One of the things I’ve noticed over the last few years is the increasing number of how-to-write books produced by self-published writers who’ve published few other books. I’m not here to trash these writers. Anyone can learn anything from anyone at any time, and if a particular how-to book speaks to you and helps you grow as a writer, then who cares what credentials its author has? (Although I’d say the more experience a how-to writer has in the field, the more likely their book will be useful to you.) Seeing those books got me wondering when in their career is a writer ready to produce a how-to book? And what does ready even mean? Was I ready to write Writing in the Dark? Had I earned the right to present myself as some sort of expert? I hardly felt like one.
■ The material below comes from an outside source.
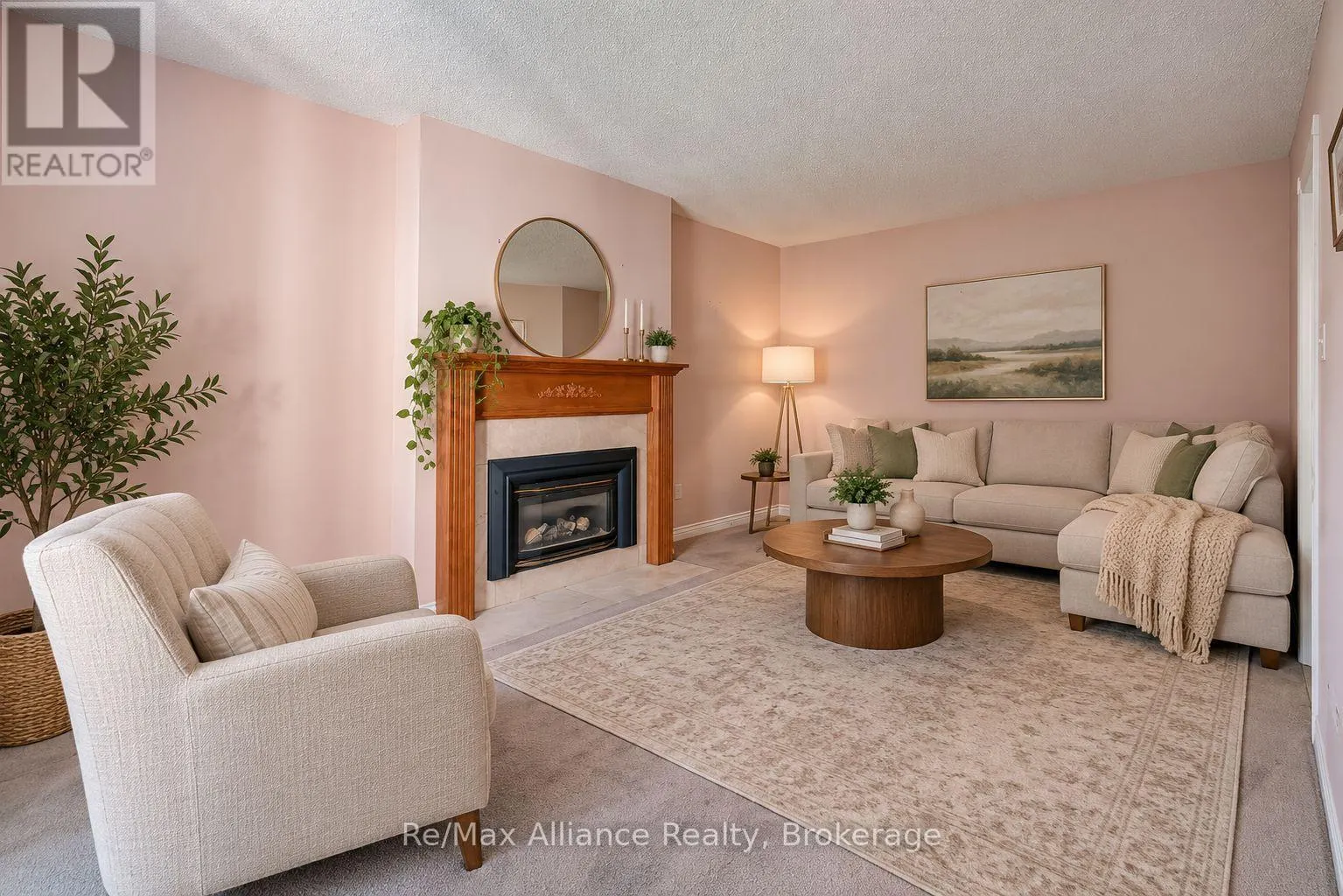 2151 PINEVIEW DRIVE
For that matter, do I have the credentials – the experience, the knowledge – to even write this blog?

I had, as you might guess, doubts.

One of the great – and maddening – dichotomies of being a writer is the endless struggle between believing your work is brilliant and that you know what the hell you’re doing and believing your work is shit and that no sane person would ever listen to your advice. If you only think that you’re a genius and that we’re incredibly fortunate that you share your stellar writing and amazing insights with the rest of us, then god bless you. The rest of us aren’t so self-assured.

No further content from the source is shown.